Something rustles down the little slope below of us. I jerk at the noise.
Sounds like two legs, I think to myself. Them men…
No, four. Four legs. Something heavy. Black bear?
Comin’ closer, stalking us. Taking our measure. Coming in.
No…farther off now.
Ain’t nothing there. It’s just your mind, Hannie. Plain crazy with fear.
The panther screams again, but he’s way over yon still. A owl hoots. I shiver hard and hold the neck of my shirt closed, even though I’m sweated down underneath it. It’s keeping the mosquitos from sucking me dry.
I push the horses farther, listen into the night, try to think what to do.
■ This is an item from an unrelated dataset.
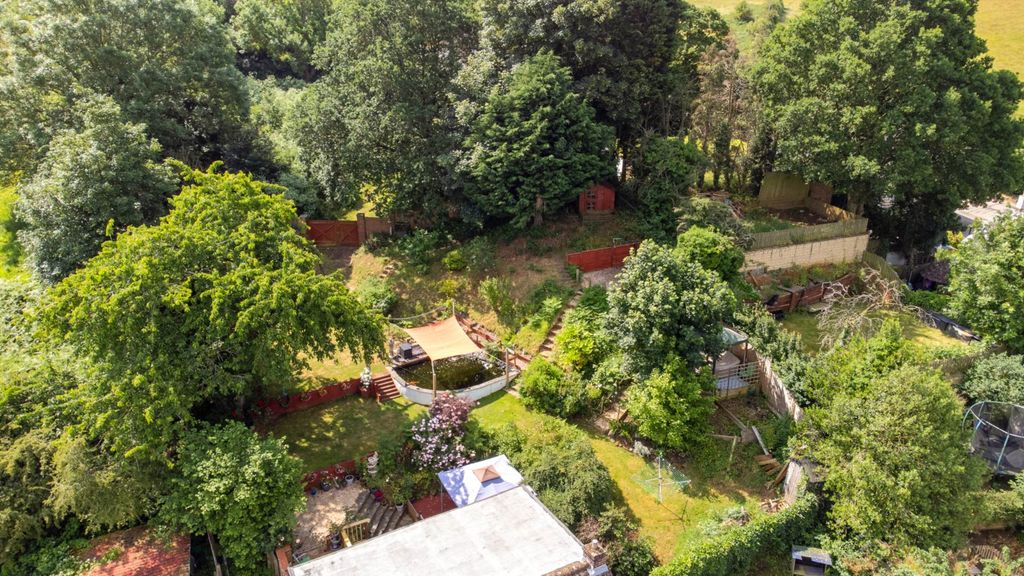 Property photo 3 of 34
This old road might stretch on for miles, used for hauling cypress timber out of the swamp and goods to the river, but it ain’t a road that goes from one place to the other. Been on it for a long way, and I hadn’t seen or heard a sign of people yet. Not even a lamp burning in a cabin or a settlement off through the trees, or a whiff of smoke from a cook fire. Just old wagon camps and the tracks of iron tires and horseshoes. That’s all there is showing that folks come and go this way.
Ginger stumbles over a felled branch and falls to her front knees, nearly jerking me over the tail of the gray before I get him stopped. The reins slide through my hands and trickle onto the ground with a soft slap.
“Whoa,” I whisper. “Hooo, now.”
I get down in a hurry, and it’s all I can do to drag Old Ginger back to her feet, without her just laying over on her side and crushing Missy Lavinia, who I guess is still living, but I don’t know for sure. Not a sound comes out of her.
“Hooo, now. Easy,” I whisper and steady a hand on Ginger’s neck. She’s got no more in her. Not tonight.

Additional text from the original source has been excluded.